In the Britain of Orwell's novel before Ingsoc came to power, games were--as in real life--either competitive or games of chance, but now, in Oceania, they are neither. Chess was real when both players had a chance of winning, and it was best when competitors were approximately equal in skill. Now by law, only the white side can win (302). (White is also the side that always moves first--we shall see that this has special significance.) Before Ingsoc came to power, all players of "Snakes and Ladders" had an equal chance of winning; now the game does not exist. In the rhyming game "Oranges and Lemons" numerical odds once gave all participants an equal chance of evading capture and pretend execution; now they have no chance of escape. The difference between games as they were and as they are, or are no longer, is that now there is no equality of players, no determination of outcome by skill, and no chance.
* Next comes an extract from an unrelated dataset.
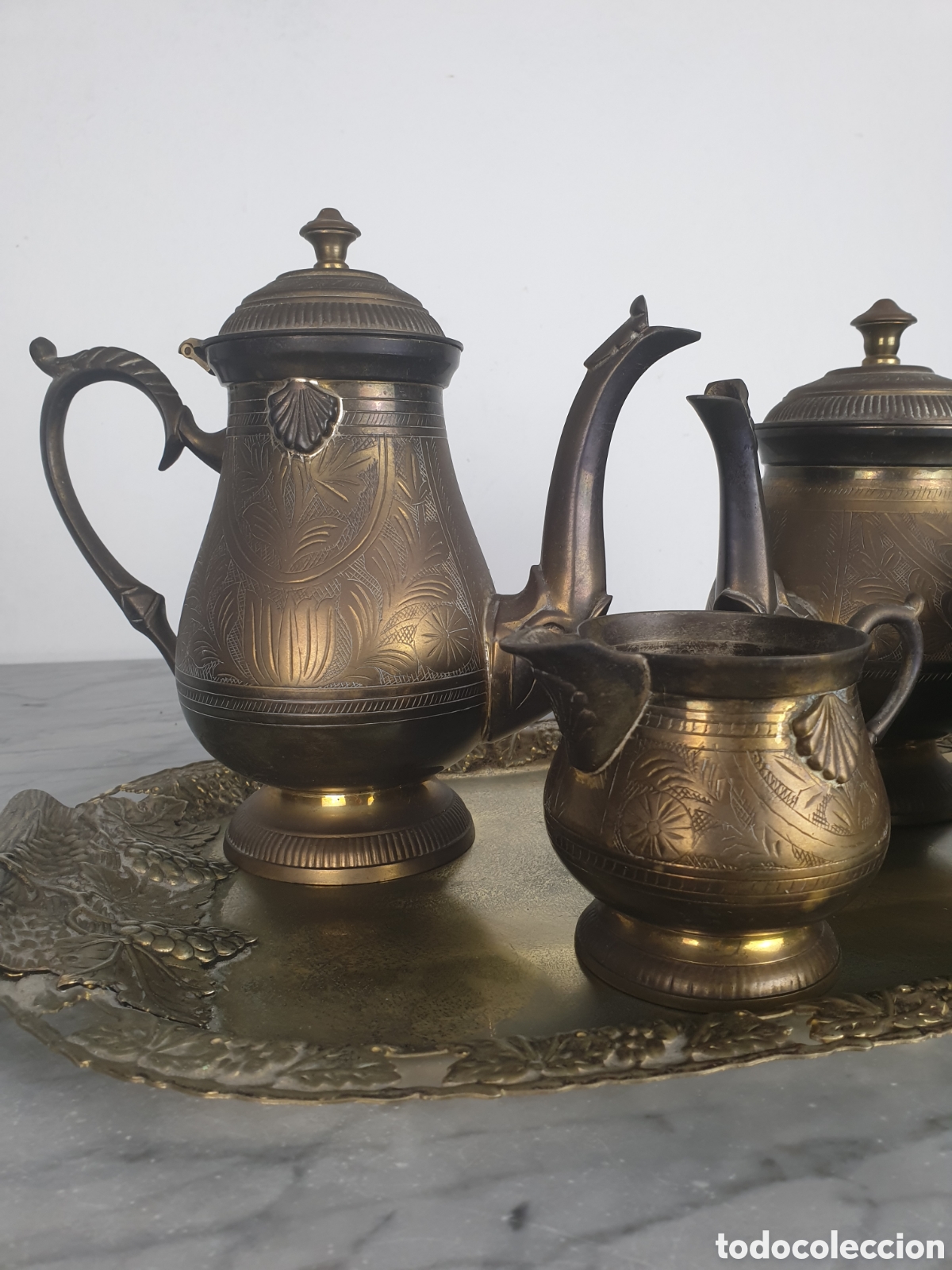 Antig&uuml;edades: Juego de t&eacute; y caf&eacute; con su bandeja - Foto 3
What is the symbolic relevance of such games for the real lives of the main characters in the novel? Is there no chance of success or survival for Winston Smith and Julia? That is to say, would they have a chance if Winston did not go to the antique shop (actually a trap laid by the Thought Police) or if he and Julia did not entrust themselves to O'Brien during their visit to O'Brien's flat? Might Winston and Julia conduct their sexual affair with impunity, as Julia says she has her earlier affairs? Apparently they might, which is why most if not all published criticism assumes that, at least initially, Winston and Julia have a chance of eluding arrest. But what, then, is the meaning of the motif of games that are predetermined, chanceless, and can only symbolize hopelessness? Although no prior criticism of the novel has noted this, there is clear dissonance, even disjunction between such games and the possibility of eluding the Thought Police. Can the relation of games to real life in the novel amount solely to such difference? The implication that life is fairer or more reasonable than games can only diminish the satirical force of the novel, and what would be the point of that? Or else there is actually no dissonance, no disjunction, and the difference between "games" (no longer really games) and human life is only apparent. But before reaching any conclusion about the relation of games to the lives of characters, we must consider those lives and examine the second kind of problem, narrative improbabilities. …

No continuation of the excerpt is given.